## Work order
Transcribe the listing that follows in full, exactly, and drop its images.

## Exercise data
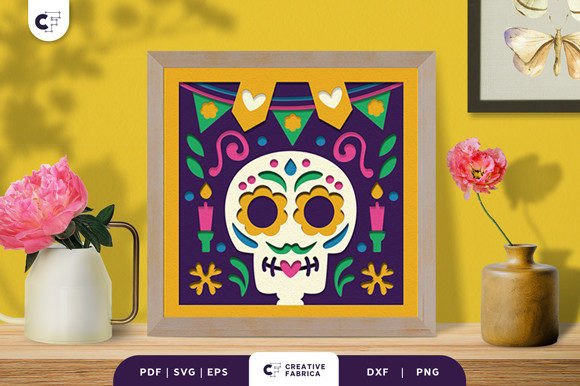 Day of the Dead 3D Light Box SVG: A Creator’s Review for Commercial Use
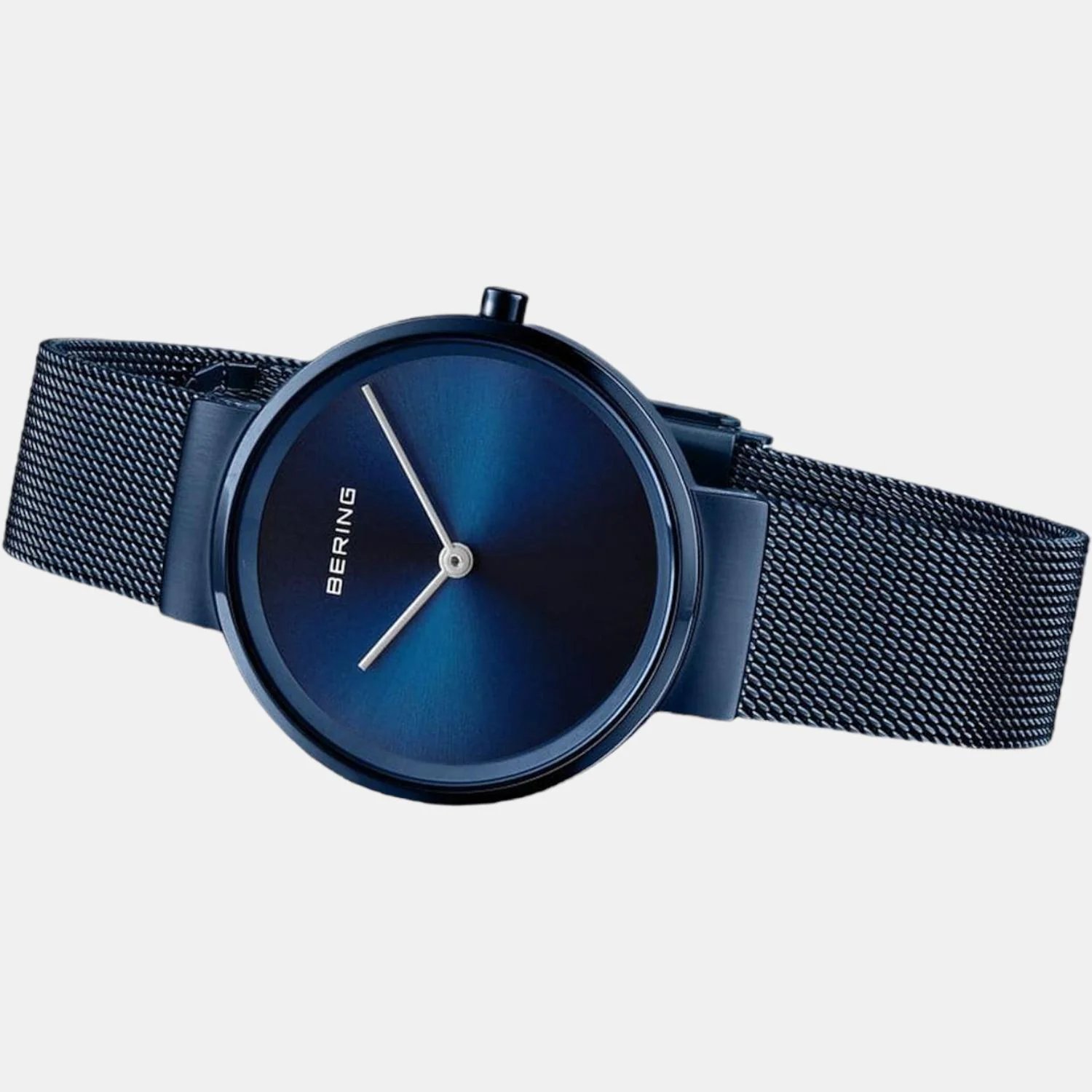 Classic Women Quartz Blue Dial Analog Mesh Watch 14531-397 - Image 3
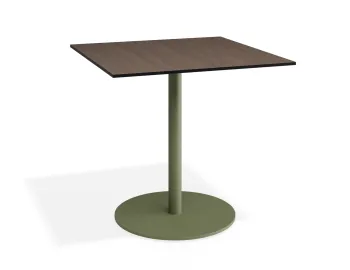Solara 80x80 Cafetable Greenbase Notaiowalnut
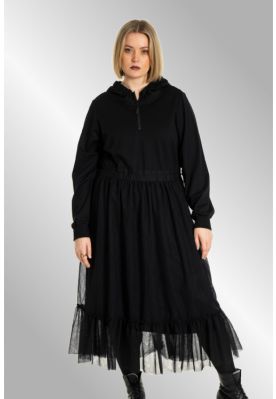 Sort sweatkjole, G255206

## Response for this exercise
 Day of the Dead 3D Light Box SVG: A Creator’s Review for Commercial Use
 Classic Women Quartz Blue Dial Analog Mesh Watch 14531-397 - Image 3
Solara 80x80 Cafetable Greenbase Notaiowalnut
 Sort sweatkjole, G255206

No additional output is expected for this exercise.